Das Harlingerland

Ein besonderer Flecken Erde

Streitbar und freiheitsliebend. So könnte man die Harlinger bezeichnen, wirft man einen kurzen Blick in die Geschichte jenes Landstrichs. Eine Region, die ungefähr von Westeraccum und Holtriem im Westen, Wittmund im Süden und Carolinensiel im Osten reichte, nördlich begrenzt durch das Meer.

Friesische Freiheit

Die Backsteinkirche von Funnix (Zum Vergrößern klicken)
Die Backsteinkirche von Funnix

Im Mittelalter gab es in Friesland keine traditionellen, feudalen Adelsstrukturen; die Friesen organisierten sich mit Segen des Kaisers genossenschaftlich: Jeder Bürger hatte beispielsweise das Wahlrecht und durfte öffentliche Vertreter seiner Gemeinde mitwählen. Doch ab dem 14. Jahrhundert gewannen wohlhabende Familien größeren Einfluss. Hinzu kamen Pestepidemien und Sturmfluten, dass den Bürgern die eigene Existenz näher lag als die Vorzüge der „Friesischen Freiheit“ zu verteidigen. Diese wurde durch das Häuptlingswesen abgelöst, in dem sich Adlige an die Spitze der Provinzen setzten, wobei allerdings die Freiheit der Bürger weitgehend erhalten blieb.

Unruhige Zeiten

Die Norderburg in Dornum (Zum Vergrößern klicken)
Die Norderburg in Dornum

Das Harlingerland bestand im Wesentlichen aus den im 15. Jahrhundert geeinten Herrschaften Esens, Wittmund und Stedesdorf. Unter seinen Häuptlingen verteidigten die Harlinger lange Zeit die Unabhängigkeit von den in Oldenburg residierenden ostfriesischen Grafen.
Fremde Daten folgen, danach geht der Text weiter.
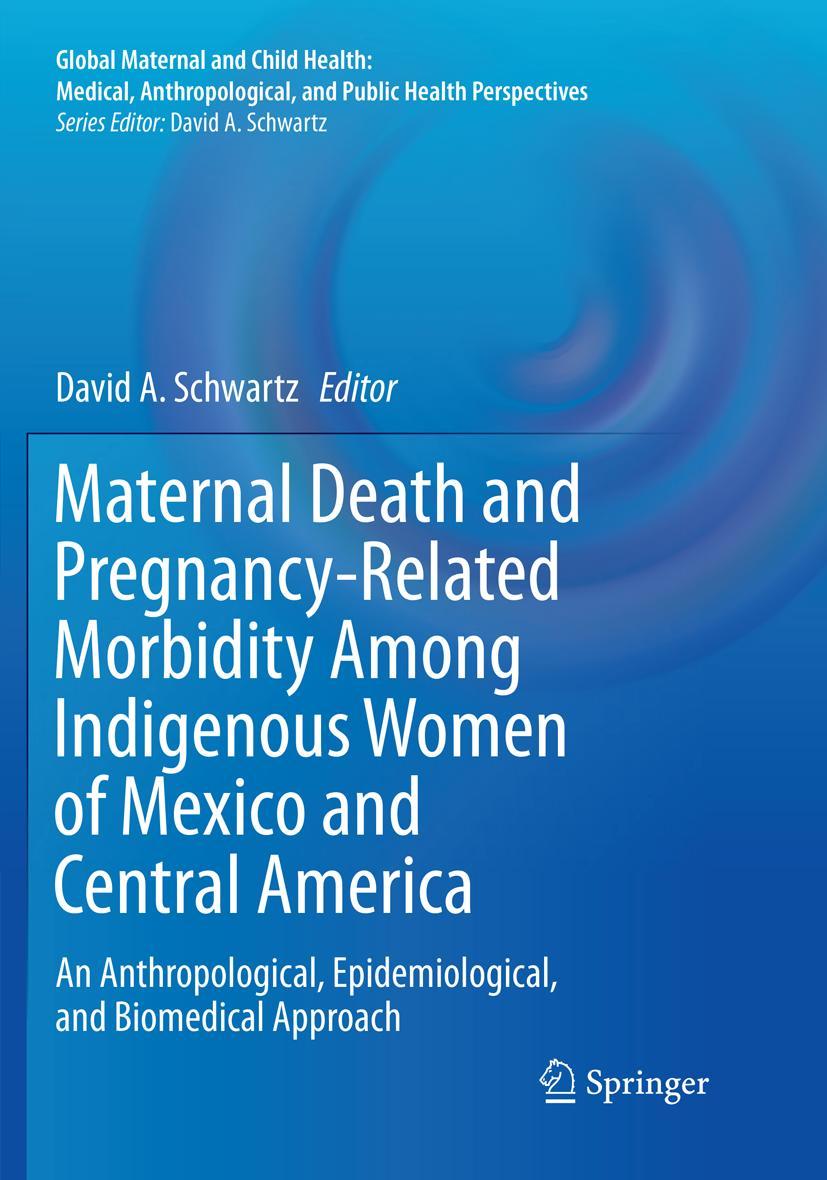 Vorderes Coverbild Maternal Death and Pregnancy-Related Morbidity Among Indigenous Women of Mexico and Central America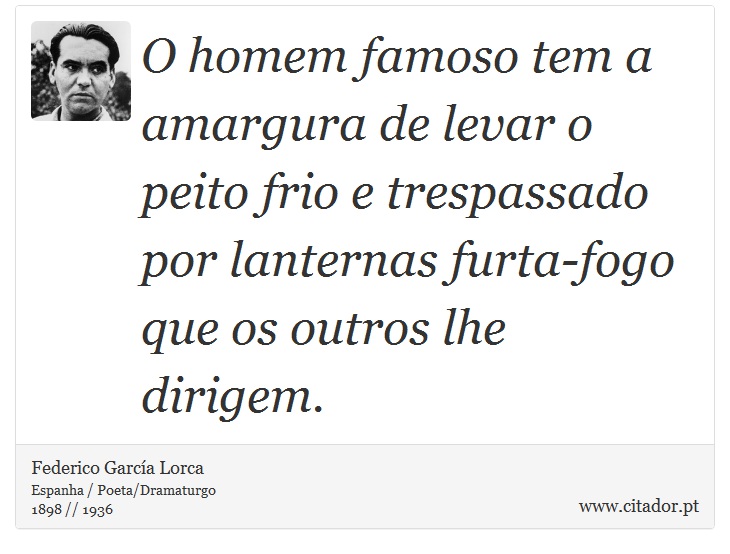 O homem famoso tem a amargura de levar o peito frio e trespassado por lanternas furta-fogo que os outros lhe dirigem. - Federico García Lorca - Frases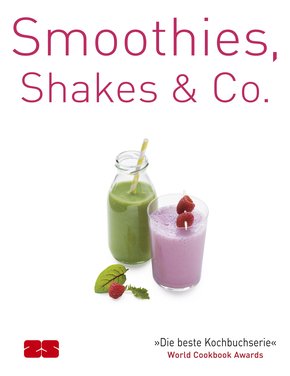 Smoothies, Shakes & Co. (eBook, ePUB)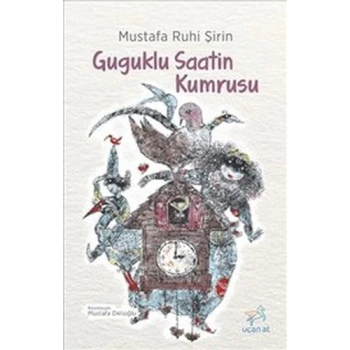 Guguklu Saatin Kumrusu - Mustafa Ruhi Şirin - Uçan At Yayınları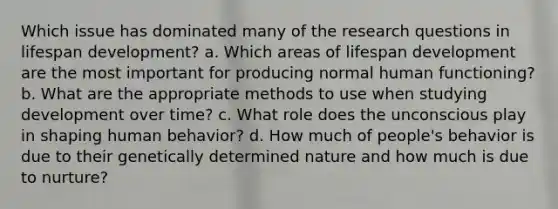 Which issue has dominated many of the research questions in lifespan development? a. Which areas of lifespan development are the most important for producing normal human functioning? b. What are the appropriate methods to use when studying development over time? c. What role does the unconscious play in shaping human behavior? d. How much of people's behavior is due to their genetically determined nature and how much is due to nurture?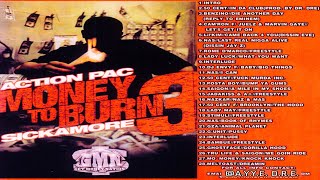 (FULL MIXTAPE) DJ Action Pac & Sickamore - Money To Burn 3 (2002)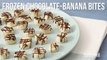 How to Make Frozen Chocolate-Banana Bites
Das Resultat waren unruhige 150 Jahre voller Kriegsgeschrei. Die Raufhändel erreichten ihre blutigen Höhepunkte mit Beginn des 16. Jahrhunderts während der Herrschaft der Esenser Häuptlinge Hero Omken und seines Sohns Balthasar von Esens. Das endgültige Ende des unabhängigen Harlingerlandes kam indes am „Grünen Tisch“, als im „Berumer Vergleich“ von 1600 das Gebiet Graf Enno von Oldenburg zugesprochen und damit Ostfriesland einverleibt wurde.

Malerische Landschaft

Der Hafen von Neuharlingersiel (Quelle: Zaubervogel, pixelio.de)
Der Hafen von Neuharlingersiel (Quelle: Zaubervogel, pixelio.de)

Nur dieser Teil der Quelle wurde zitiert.